2013 stürzte in Bangladesch die Textilfabrik Rana Plaza ein. Das Model Marie Nasemann saß vor dem Fernseher und war entsetzt. "Da sind viele Menschen ums Leben gekommen und ich habe mich entschieden, so in der Modebranche nicht weiterzumachen", erzählt sagte sie im Deutschlandfunk.
Sie begann, sich mit dem Thema nachhaltige Mode zu beschäftigen, recherchierte zu fair produzierter Kleidung und merkte schnell: "Es ist wahnsinnig kompliziert." Seit mehreren Jahren schreibt Marie Nasemann einen Blog, auf dem sie sich mit dem Thema beschäftigt, jetzt hat sie ein Buch veröffentlicht. "Fairknallt - mein grüner Kompromiss." "Ich glaube, so ziemlich alles ist ein Kompromiss, weil perfekt nachhaltig leben, können wir nicht. Wir haben keine andere Wahl, als Kompromisse einzugehen."

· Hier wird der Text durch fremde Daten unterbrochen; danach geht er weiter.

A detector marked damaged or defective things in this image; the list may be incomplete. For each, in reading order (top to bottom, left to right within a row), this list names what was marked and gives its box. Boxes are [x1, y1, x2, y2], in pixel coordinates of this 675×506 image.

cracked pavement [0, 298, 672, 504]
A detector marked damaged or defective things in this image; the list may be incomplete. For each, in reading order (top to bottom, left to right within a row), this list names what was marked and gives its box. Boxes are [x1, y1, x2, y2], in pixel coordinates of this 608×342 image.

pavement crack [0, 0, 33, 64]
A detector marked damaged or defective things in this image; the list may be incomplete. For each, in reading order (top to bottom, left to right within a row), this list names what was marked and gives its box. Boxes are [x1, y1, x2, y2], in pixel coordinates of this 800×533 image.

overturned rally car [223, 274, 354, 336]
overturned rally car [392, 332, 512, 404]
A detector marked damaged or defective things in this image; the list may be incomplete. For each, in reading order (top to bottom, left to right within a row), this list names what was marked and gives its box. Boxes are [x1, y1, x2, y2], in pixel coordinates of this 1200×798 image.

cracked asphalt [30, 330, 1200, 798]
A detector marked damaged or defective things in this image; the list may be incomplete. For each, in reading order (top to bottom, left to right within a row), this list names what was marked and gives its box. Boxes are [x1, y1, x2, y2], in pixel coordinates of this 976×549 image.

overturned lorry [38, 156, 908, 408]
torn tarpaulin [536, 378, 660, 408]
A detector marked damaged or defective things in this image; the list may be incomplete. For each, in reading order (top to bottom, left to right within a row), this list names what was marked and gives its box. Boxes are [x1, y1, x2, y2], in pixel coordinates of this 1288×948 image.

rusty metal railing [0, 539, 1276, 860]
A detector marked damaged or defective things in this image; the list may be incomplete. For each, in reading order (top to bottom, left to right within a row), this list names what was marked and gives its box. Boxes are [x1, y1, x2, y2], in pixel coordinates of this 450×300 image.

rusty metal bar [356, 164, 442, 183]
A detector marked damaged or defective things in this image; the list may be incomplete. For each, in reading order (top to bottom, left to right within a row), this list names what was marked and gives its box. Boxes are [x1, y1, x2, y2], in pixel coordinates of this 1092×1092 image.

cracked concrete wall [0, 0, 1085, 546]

Greenwashing und Intransparenz
Alleine war es kaum möglich, an alle Informationen zu kommen. "Die ganze Branche ist sehr intransparent und auf den Webseiten der Marken gibt es kaum Infos." Zusammen mit einem Nachhaltigkeitswissenschaftler, den sie "Dr No" nennt, sucht sie nach Labeln, die Ökostandards entsprechen und nachhaltig wirtschaften. "Ich lasse mich immer noch gerne blenden von Marken, aber er ist dann der Buhmann, der sagt: Nein, diese Brand geht leider nicht. Es ist doch nur Greenwashing und sieht nachhaltiger aus, als es ist. Er ist sehr strikt, deshalb Dr. No."
Hundert Prozent nachhaltig sind die wenigsten Label, viele sind aber auf einem guten Weg, so Nasemann. "Aber es reicht nicht zu sagen: Wir machen mal eine kleine nachhaltige Sommerkollektion und der Rest, die anderen neunzig Prozent, sind Schmu."
Shopping als Hobby
Sie kann sich aber auch noch gut an die Zeiten vor ihrem Schlüsselerlebnis vor dem Einsturz der Fabrik in Bangladesch erinnern, als sie als drittplatzierte von Germanys Next Topmodel durch die Welt flog. "Ich habe wahnsinnig viel Mode geschenkt bekommen und ich bin noch zusätzlich einkaufen gegangen. Als Hobby oder aus Langeweile. Ich war zweimal die Woche in einem Fast Fashion Store und hatte fünf prall gefüllte Kleiderschränke."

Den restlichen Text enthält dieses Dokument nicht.